Лулу играла, как человек-оркестр в час, отведенный для любителей. Она ставила на счастливое число, или на два счастливых числа, или на десять и играла так, пока не надоедало, а потом выбирала любое число — сколько людей за столом или сколько пуговиц на жилете крупье, а потом ставила на красное и черное или на чет и нечет, какое-то время держалась на двойном зеро и снова переходила на два, три, семь или одиннадцать и, словно пару кубиков, меняла сукно рулетки, прилипала к двойкам и тройкам в свои, как она говорила, «вредные часы», к семеркам и одиннадцати, когда все шло хорошо. Выиграв, она взвизгивала от восторга, а проиграв, тяжело вздыхала и порой настолько переставала соображать — а она никогда ничего не помнила, даже не знала правил игры, — что выигрыш на красном мог прокрутиться несколько раз, прежде чем она его заметит и охнет от удивления, или столь же часто не знала, сколько проиграла, потому что слишком долго не подсчитывала свои чипсы. При всем при этом она давала крупье на чай — и сколько давала! — и, ко всеобщему раздражению, часто сорила деньгами. Наблюдая, как она играет, можно было поверить в басню о льве и овце. Рулетка — ее страсть, говорила Лулу всем, кто хотел ее слушать, но играла она со страстью ребенка к десерту или мороженому.
Она, безусловно, раздражала меня. Я был не большим профессионалом, чем Лулу, но у меня был талант — по крайней мере я так считал — и я относился к игре серьезно.
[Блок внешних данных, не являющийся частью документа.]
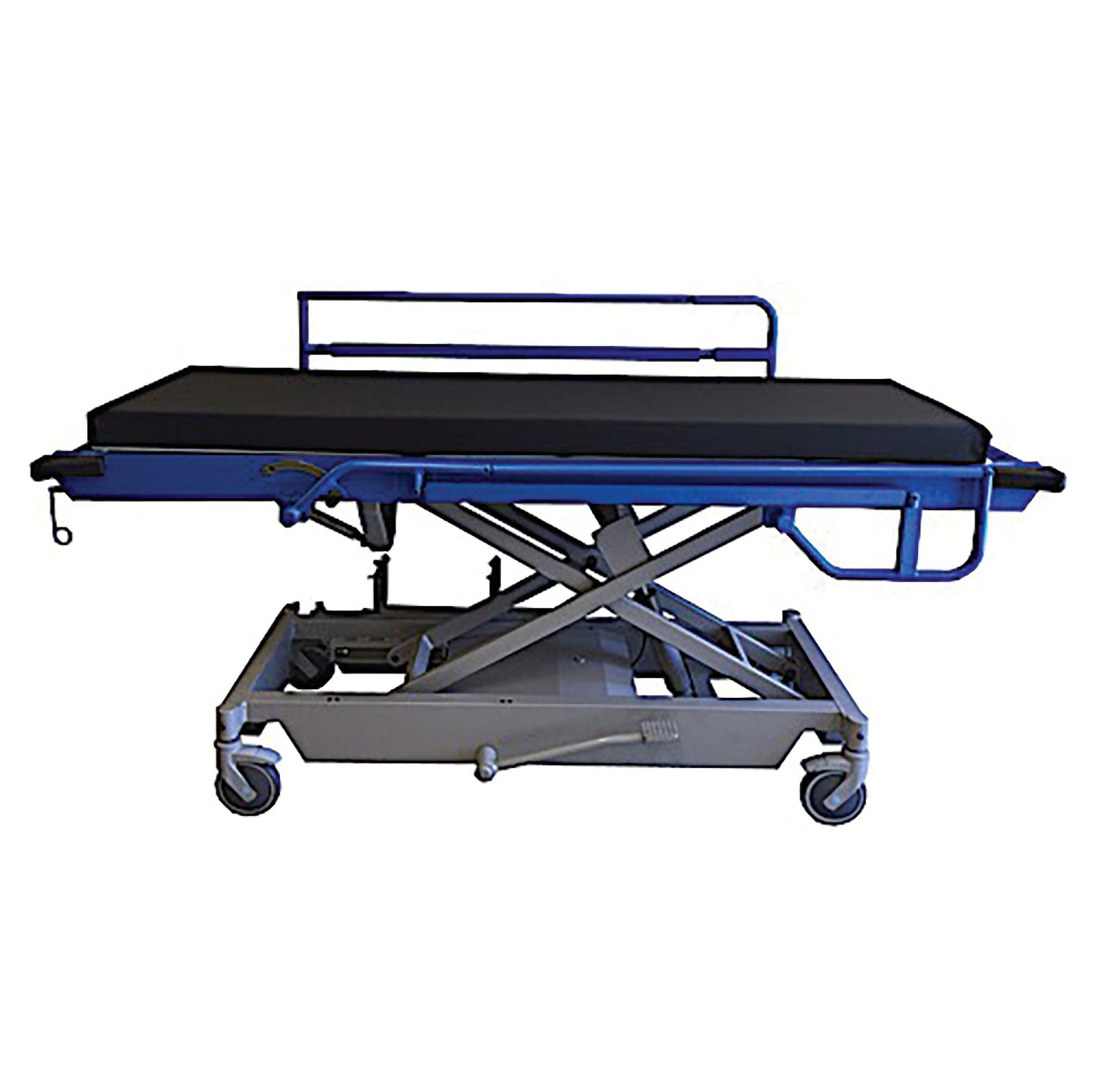 MRI Adjustable-Height Stretcher with a black mattress, blue side rails, and a wheeled, scissor-lift mechanism for mobility.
Игра была для меня тяжелой работой, и я всегда садился за стол с двенадцатью выкладками в уме, записывая все номера, какие выпадали в ту ночь, и отмечая их красным или черным, чет или нечет, стараясь понять, какая из пяти наполовину разработанных систем перевешивает — выпадет сейчас красное, или очередь за черным, или же закон средних чисел будет серьезно покалечен?
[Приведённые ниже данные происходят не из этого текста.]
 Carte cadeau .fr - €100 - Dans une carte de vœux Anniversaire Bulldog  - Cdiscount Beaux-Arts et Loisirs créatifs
Время от времени я вижу себя в этом большом зале, где люстры в стиле Людовика XIV нахально висят над флуоресцентными трубками, освещающими игорные столы, а за современным баром вдоль одной из стен почти никого нет, кроме туристов, приехавших, чтобы напиться, просадить свои тридцать долларов и продемонстрировать свое боязливое плотоядие англосакса в тропическом борделе. Затем, окинув взглядом сотни людей в зале, вслушиваясь в тишину и сухой звук подпрыгивающего шарика, следующего своим путем по колесу, я вздрагиваю, словно обнаружив, что я голый, и на миг почувствовав себя призраком, и жизнь покажется призрачной. А вот деньги обычно были для меня чем-то реальным — у меня всегда было их так мало, и даже в Дезер-д'Ор мне, словно разбогатевшему деревенскому парню, трудно было купить себе пиджак за восемь долларов или заказать пятидолларовый ленч. Однажды, должен признать, в Токио я сорвал банк в покер, но в то время я был слабым игроком, ничего в этом не понимал, мне просто повезло, как везло Лулу, а теперь, когда я с холодным расчетом, возникавшим, стоило мне подумать о размере зала, а не о вращающемся колесе, ставил двадцать, сорок, восемьдесят долларов и несколько раз их удваивал, относясь к суммам как к цифрам в моем блокноте, это уже говорило о таланте — во мне сидел хладнокровный игрок.